Most recently, WisdomTree filed for two passively managed ETFs, one in the European equities space and the other in Japan. The duo also treats dividend growth as a prime condition for stock selection.
Proposed Dividend Funds in Focus
WisdomTree Europe Dividend Growth Fund and WisdomTree Japan Hedged Dividend Growth Fund look to rest on their respective geographies with the same dividend investing proposition.
The proposed Europe ETF will be tracking the WisdomTree Europe Dividend Growth Index holding 300 stocks that have the best fundamental factors like long-term earnings growth expectations, ROE, and ROA and high chances of dividend increases. In fact, the companies paying higher dollar amounts of dividends are weighted more heavily.

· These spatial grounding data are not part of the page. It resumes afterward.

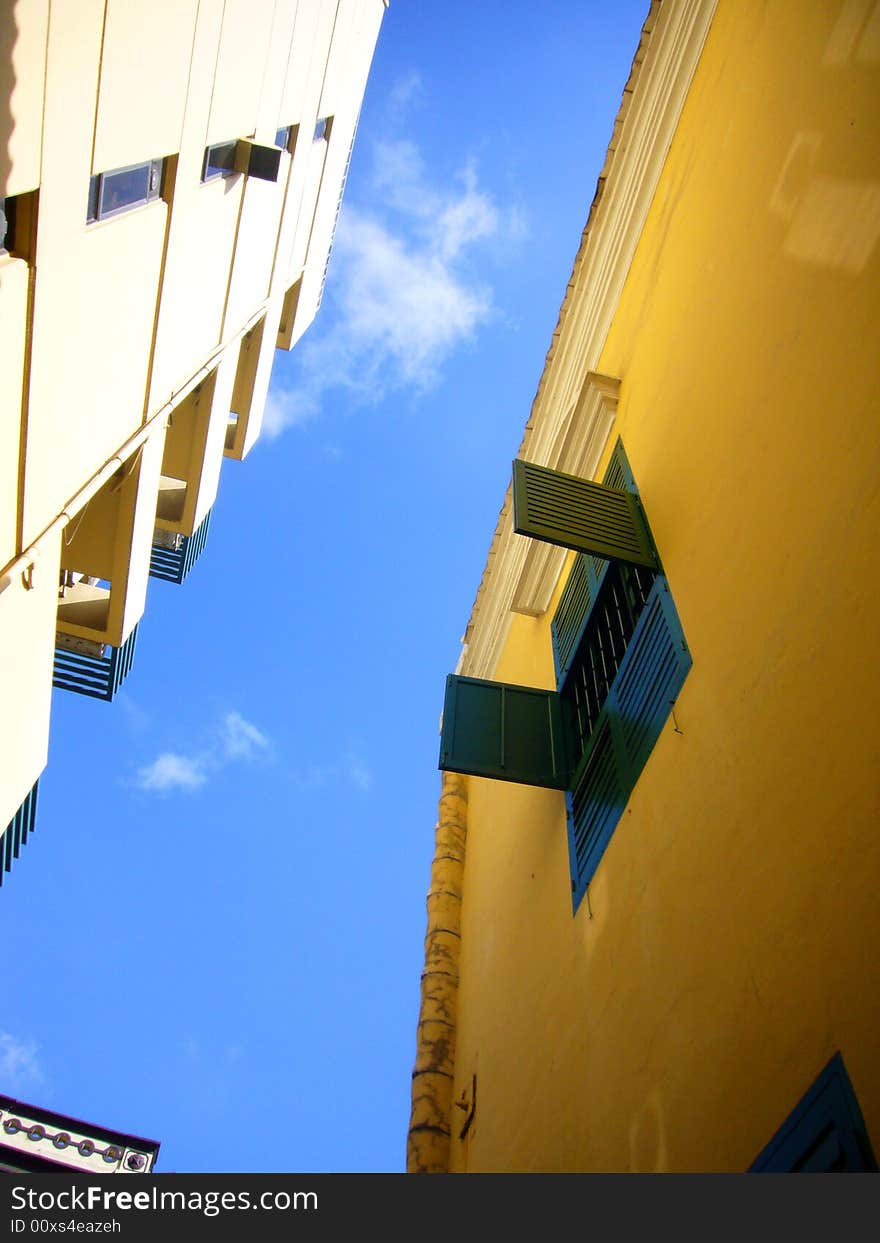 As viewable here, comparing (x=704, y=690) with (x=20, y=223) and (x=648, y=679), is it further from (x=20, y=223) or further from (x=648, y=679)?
(x=20, y=223)

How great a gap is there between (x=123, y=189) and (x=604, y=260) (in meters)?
4.79

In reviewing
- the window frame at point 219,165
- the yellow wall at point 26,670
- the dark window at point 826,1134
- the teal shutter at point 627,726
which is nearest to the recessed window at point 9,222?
the yellow wall at point 26,670

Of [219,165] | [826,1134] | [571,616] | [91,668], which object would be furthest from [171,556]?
[826,1134]

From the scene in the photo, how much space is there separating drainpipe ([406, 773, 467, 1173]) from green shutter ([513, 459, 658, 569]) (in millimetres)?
5155

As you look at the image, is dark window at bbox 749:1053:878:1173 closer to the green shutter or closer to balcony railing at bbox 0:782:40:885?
the green shutter

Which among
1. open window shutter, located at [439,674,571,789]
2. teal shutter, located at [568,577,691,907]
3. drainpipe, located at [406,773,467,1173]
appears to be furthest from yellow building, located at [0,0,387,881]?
drainpipe, located at [406,773,467,1173]

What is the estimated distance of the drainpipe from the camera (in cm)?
695

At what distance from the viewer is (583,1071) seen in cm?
434

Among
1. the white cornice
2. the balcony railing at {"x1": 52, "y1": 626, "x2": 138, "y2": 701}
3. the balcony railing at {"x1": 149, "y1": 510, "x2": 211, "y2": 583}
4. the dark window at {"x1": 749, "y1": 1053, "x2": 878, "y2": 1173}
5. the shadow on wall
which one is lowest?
the dark window at {"x1": 749, "y1": 1053, "x2": 878, "y2": 1173}

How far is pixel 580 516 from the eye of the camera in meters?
5.82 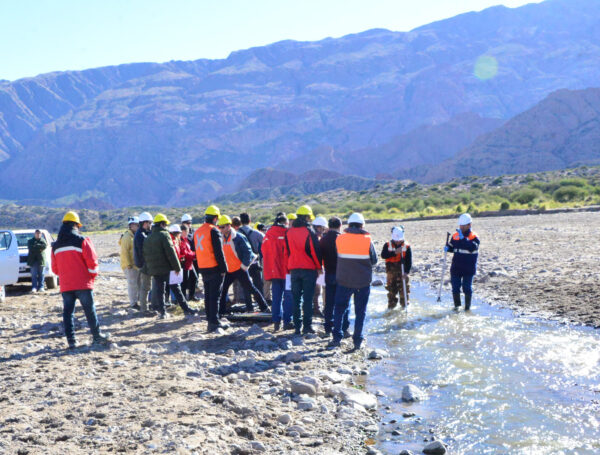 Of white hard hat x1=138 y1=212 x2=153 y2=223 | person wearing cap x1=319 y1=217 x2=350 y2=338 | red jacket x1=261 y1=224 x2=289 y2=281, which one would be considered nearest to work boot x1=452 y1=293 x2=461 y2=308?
person wearing cap x1=319 y1=217 x2=350 y2=338

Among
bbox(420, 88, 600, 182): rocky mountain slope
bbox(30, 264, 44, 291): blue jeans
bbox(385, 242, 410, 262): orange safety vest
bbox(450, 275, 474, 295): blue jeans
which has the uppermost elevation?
bbox(420, 88, 600, 182): rocky mountain slope

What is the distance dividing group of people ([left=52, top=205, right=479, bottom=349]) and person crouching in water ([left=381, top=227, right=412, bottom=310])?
0.02 metres

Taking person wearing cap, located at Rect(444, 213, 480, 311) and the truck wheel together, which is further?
the truck wheel

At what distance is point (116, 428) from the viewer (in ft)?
18.7

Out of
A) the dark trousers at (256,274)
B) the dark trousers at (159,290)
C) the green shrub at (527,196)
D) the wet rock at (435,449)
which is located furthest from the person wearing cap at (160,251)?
the green shrub at (527,196)

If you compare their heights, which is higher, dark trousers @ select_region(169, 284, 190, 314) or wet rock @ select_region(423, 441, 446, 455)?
dark trousers @ select_region(169, 284, 190, 314)

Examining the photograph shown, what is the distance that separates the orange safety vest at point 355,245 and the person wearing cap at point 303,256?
757 millimetres

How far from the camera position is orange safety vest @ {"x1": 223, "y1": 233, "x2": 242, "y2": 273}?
11062 mm

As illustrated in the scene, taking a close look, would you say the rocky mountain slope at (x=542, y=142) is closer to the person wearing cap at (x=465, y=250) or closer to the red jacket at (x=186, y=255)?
the person wearing cap at (x=465, y=250)

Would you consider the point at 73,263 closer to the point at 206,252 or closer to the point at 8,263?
the point at 206,252

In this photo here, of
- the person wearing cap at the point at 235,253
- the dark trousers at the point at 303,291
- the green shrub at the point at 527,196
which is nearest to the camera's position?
the dark trousers at the point at 303,291

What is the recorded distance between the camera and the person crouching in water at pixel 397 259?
12.8 metres

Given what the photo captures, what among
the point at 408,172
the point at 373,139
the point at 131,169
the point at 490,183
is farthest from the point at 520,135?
the point at 131,169

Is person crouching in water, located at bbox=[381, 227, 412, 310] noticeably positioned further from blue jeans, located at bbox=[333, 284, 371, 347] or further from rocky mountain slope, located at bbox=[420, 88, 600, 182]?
rocky mountain slope, located at bbox=[420, 88, 600, 182] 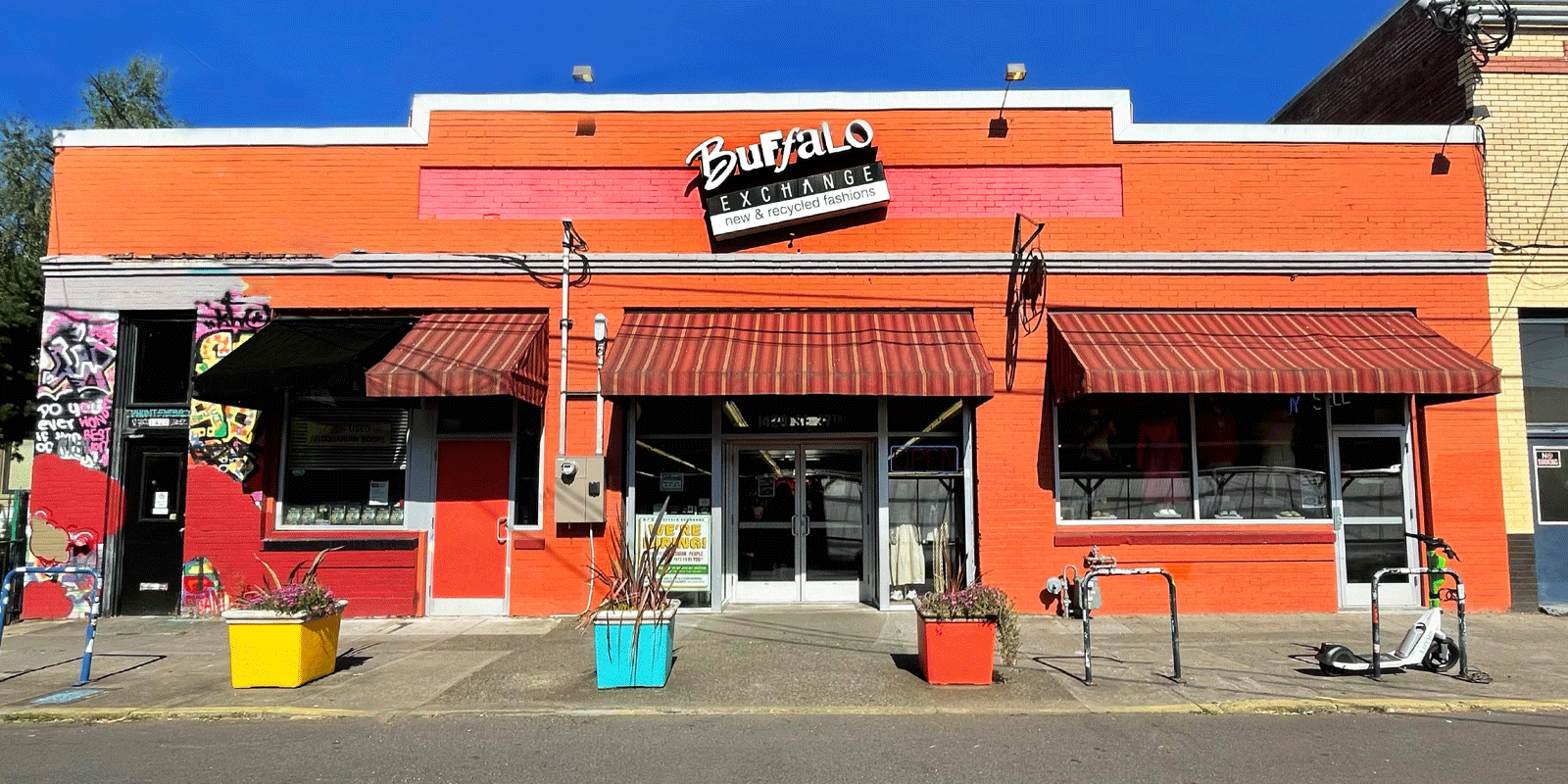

Geographically, the index is exposed to 15 countries namely, Austria, Belgium, Denmark, Finland, France, Germany, Ireland, Italy, Netherlands, Norway, Portugal, Spain, Sweden, Switzerland or the United Kingdom
It should also be noted that the maximum weight of any stock is limited to 5% and maximum exposure of any sector or country is restricted at 20%, so there looks to be a solid level of diversification and a broader play in the Europe equities’ space.
The Japan ETF will be seeking to match the WisdomTree Japan Hedged Dividend Growth Index. At the same time, the planned Japan ETF intends to provide a hedge against currency fluctuations.
The index will give exposure to 300 stocks domiciled in Japan or listed on the Tokyo or Jasdaq stock exchanges. This index also follows the rule of maximum weight restriction as does the Europe index (read: Is Another Great Year Ahead for Japan ETFs?).
In terms of the currency hedge, the fund looks to enter into forward currency contracts or futures designed to partially make up for exposure to the Japanese yen. With this strategy, the fund looks to outperform when the yen is sliding, and underperform unhedged benchmarks when the situation reverses (read: Japanese Yen ETF Investing 101).
How Does it Fit in the Portfolio?
These proposed products could be interesting picks for yield-starved investors. High quality dividend stocks and ETFs are better options for investors seeking yields in the current environment of rock-bottom interest rates prevailing in Japan and Europe.
Normally, most dividend paying companies are stable, mature companies making these investments good vehicles for greater stability and safety in a volatile environment. Also, the extra fundamental factors like better long-term growth rates, ROE and ROA will help investors get a better selection of stocks in these ETFs.
Also, currency hedging, especially for the Japan fund, appears to be a good strategy when the Fed has started tapering its bond repurchases and Japan has kept its stimulus intact. This will likely make the yen weaker than the greenback, spurring the need for yen hedging (read: Inside the New Currency Hedged ETFs from iShares).
The proposed ETFs do not have any direct competitor due to their unique strategy. However, two dividend products – WisdomTree Europe SmallCap Dividend Fund (DFE) and STOXX European Select Dividend Index Fund (FDD) – could provide some competition to the proposed ETF in the Europe space. FDD and DFE yield 3.51% and 2.25% respectively (as of February 25, 2014).
WisdomTree’s own fund DFE consists of the companies that make up the bottom 25% of the market capitalization of the WisdomTree Europe Dividend Index after the 300 largest companies have been taken away (read: Is This a Better Europe ETF?).
On the other hand, the First Trust fund FDD tracks an index that consists of 30 highest dividend-yielding securities across 18 European countries selected from the Dow Jones STOXX 600 Index. DFE and FDD charge 58 and 60 bps in fees, respectively.
Coming to Japan ETFs, the proposed fund will likely vie with its other WisdomTree cousins like Japan Hedged Equity Fund (DXJ) and Japan Small-Cap Fund (DFJ). The dividend yield of DXJ and DFJ presently stand at 2.59% and 2.24% (as of February 25, 2014). The ultra-popular DFJ charges 48 bps in fees while DFJ charges a slightly higher expense ratio of 58 bps.
Given this, the planned funds could be competitive, and especially so for investors seeking a dividend tilt in Japan. The European market appears to be dicey, but with some solid levels of outperformance, the proposed WisdomTree fund in this market could compete too, should it pass regulatory hurdles.